To do –
Below is a listing from which only part is wanted; return exactly the lines from the one with "Prodej bytu 2+kk, Úpice, Národní, 43 m2" up to and including the one with "Rose Cottage - Cosy".

Data for this task –

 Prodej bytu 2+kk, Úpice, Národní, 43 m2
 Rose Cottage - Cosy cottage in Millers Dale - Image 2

--

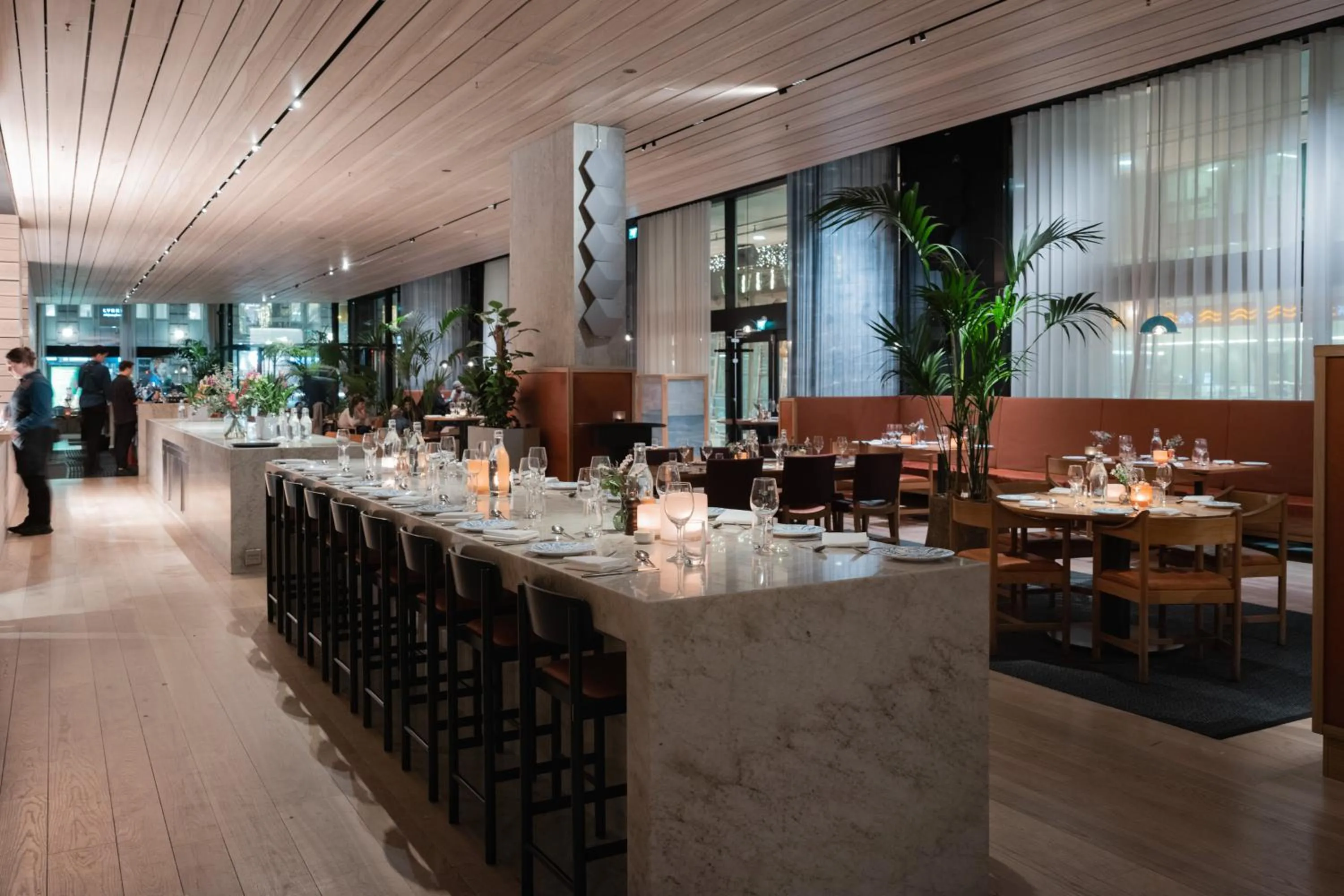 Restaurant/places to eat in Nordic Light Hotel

Expected answer –
 Prodej bytu 2+kk, Úpice, Národní, 43 m2
 Rose Cottage - Cosy cottage in Millers Dale - Image 2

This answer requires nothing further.